In short, Ukrainians protesting wanted their country to be more like western Europe and less like Russia.  The regular (and continuing claims) that Ukraine had a "legitimate" President are just embarrassingly absurd.  That "legitimate" President was ready to abolish free speech and to cement his rule by making elections how they are in Russia - charades to claim the facade of legitimacy over a system weighted almost completely against free and open political discourse.

Yes, a small number of Ukrainians are fascists who want to purge the country of Russians, but they are far from friendly towards the EU.  Yes, Russian Ukrainians are right to be wary of such individuals, but to think the EU would tolerate and embrace this is quite wrong.  Austria's government was ostracised when the so-called "Freedom Party" was part of a coalition government, and its platform was far less fascist than Svoboda. Hungary's existing government has faced sanctions when it drifted towards such policies.  
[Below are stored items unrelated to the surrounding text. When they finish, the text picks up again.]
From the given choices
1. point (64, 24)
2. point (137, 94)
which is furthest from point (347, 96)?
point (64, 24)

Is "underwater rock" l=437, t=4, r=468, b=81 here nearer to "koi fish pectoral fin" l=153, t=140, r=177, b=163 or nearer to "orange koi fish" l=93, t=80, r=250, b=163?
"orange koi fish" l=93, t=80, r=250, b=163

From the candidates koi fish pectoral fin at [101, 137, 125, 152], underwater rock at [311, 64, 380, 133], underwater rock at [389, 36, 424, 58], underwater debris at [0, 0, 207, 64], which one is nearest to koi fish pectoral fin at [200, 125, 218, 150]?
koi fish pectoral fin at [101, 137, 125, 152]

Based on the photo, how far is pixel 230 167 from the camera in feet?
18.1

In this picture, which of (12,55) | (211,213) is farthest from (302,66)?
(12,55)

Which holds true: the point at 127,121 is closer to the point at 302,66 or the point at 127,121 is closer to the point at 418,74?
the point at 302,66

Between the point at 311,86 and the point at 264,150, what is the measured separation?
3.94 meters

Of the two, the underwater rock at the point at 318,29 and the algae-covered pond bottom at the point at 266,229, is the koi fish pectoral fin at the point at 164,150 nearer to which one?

So to blame the EU is simply wrong.  It appears Farage's unbridled (and to be fair, understandable) hatred of the EU has meant it is now a scapegoat, for actions that were opportunistic by Moscow.  Putin's regime created fear among Russians in Ukraine that they would face "oppression" under a fascist government, and that all of their jobs would disappear when Ukraine could no longer export so readily to Russia (not noting that the only reason this would happen is if Russia increases trade barriers with Ukraine).  He focused especially on Crimea, given the ample Russian military presence there in the first place, to host a trumped-up referendum, not allowing open campaigning for a "no" vote, and using local and Russian mercenary forces to bully their way against the Ukrainian military and police.

It 's similar to what Russia has done in Georgia.
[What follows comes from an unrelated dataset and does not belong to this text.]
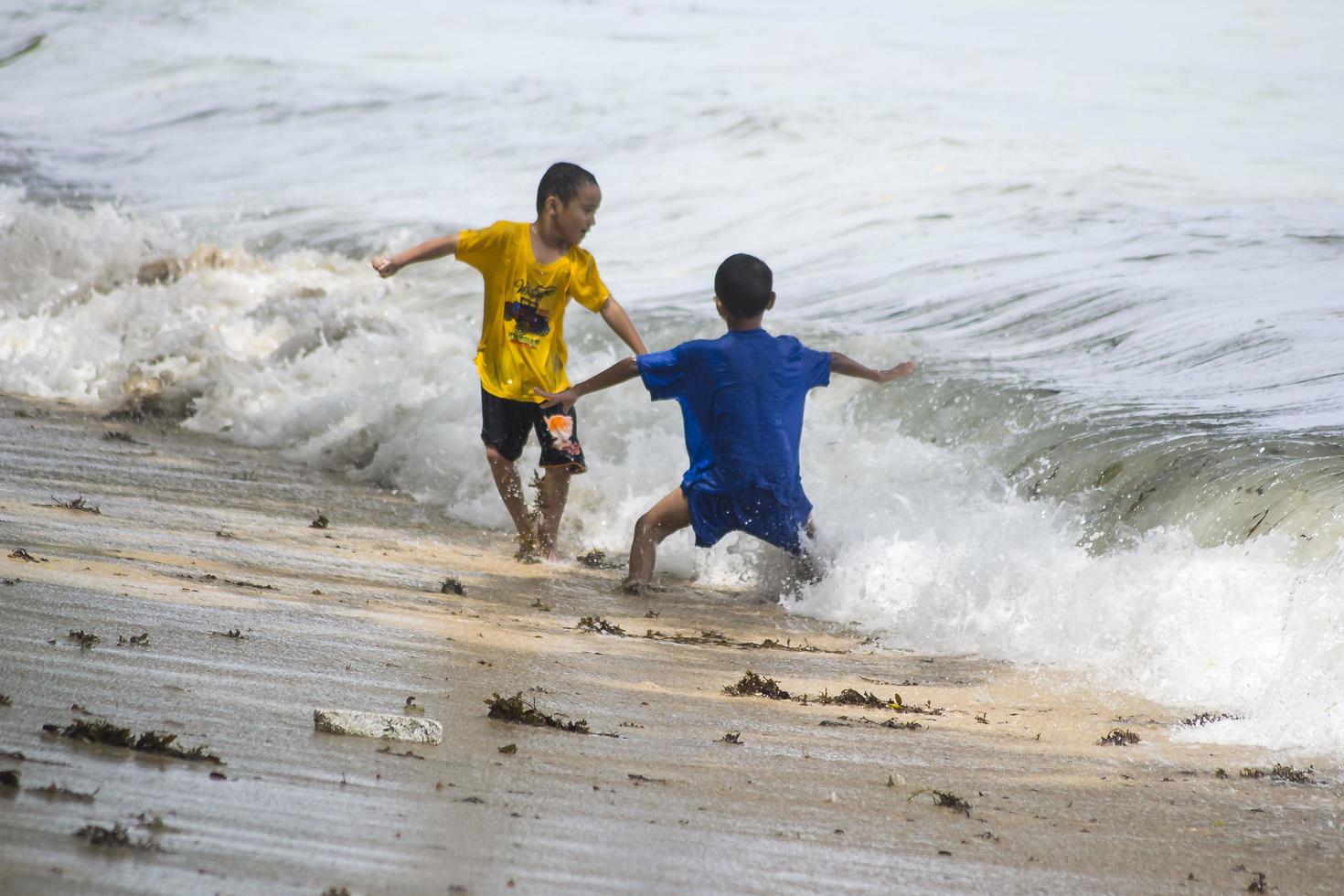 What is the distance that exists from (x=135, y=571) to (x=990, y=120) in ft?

If anyone thinks that Brussels is to blame for this, then let's imagine the counterfactual.  What if Ukrainians actually just protested against their government and overthrew it, without the EU having offered a free trade agreement?  Does anyone really think Putin wouldn't have taken Crimea?  

Unfortunately, Farage's stance is shared not only by the Kremlin, but by the radical leftwing peace movement (Stop the War coalition's statement in favour of Russia should put paid any claims it has to being anti-war) and by libertarian isolationists like Ron Paul.
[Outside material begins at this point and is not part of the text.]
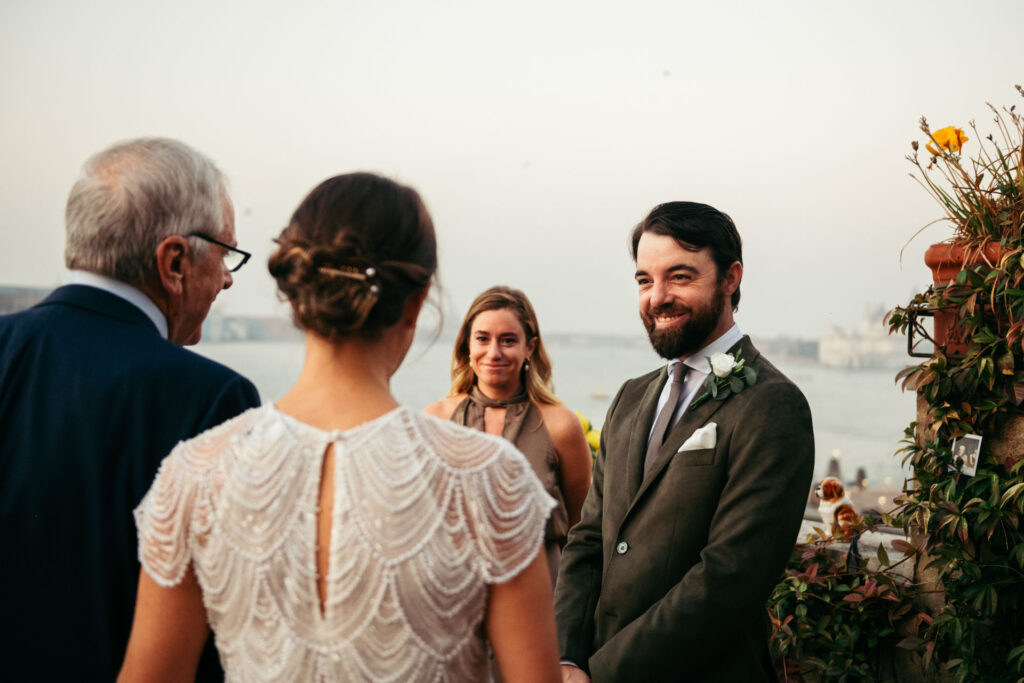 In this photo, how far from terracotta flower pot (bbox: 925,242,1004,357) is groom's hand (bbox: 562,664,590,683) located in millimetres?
1683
The borders of a peaceful country have been changed, by the intervention of another state, on trumped up claims of fascism threatening their people.

I am far from surprised that typically pro-communist, anti-capitalist, anti-liberal democratic so-called "peace" movement backs Russia.   It exposes it even more for what it is - a group of fifth columnist revolutionaries who think of peace only in terms of "don't fight against those opposing western capitalism".

Yet for UKIP to go down the ludicrous path of blaming the EU for events that are largely about relations between Ukraine and Russia is absurd. 

Farage and other spokepeople should stop appearing on RT and being puppets brought out by the Kremlin to serve its interests.  It doesn't serve British interests, nor the interests of anyone who genuinely believes in a smaller state and less government.  After all, if you think the EU is oppressive, wait until your country takes orders from the Kremlin.  That's something Ukrainians have known too well.  Holodomor and the purge of the Crimean Tartars are actions that you wont see discussed on RT, as they don't fit history.  Whereas exaggerating the size and the actions of fascist ultranationalists in Ukraine will be mentioned, a lot, as they do fit it.

Of course Western media are free to report on any of the above, RT is not.  

Farage has got enough brickbats to throw at the EU, without, in spite of all he claims now, siding with the bullshit machine that is Kremlin propaganda.

He's fallen victim to his greatest asset - the ability to think on your feet and not to parrot media trained catchphrases.  The problem being when your mouth runs away with your head, knowledge and understanding of complex events.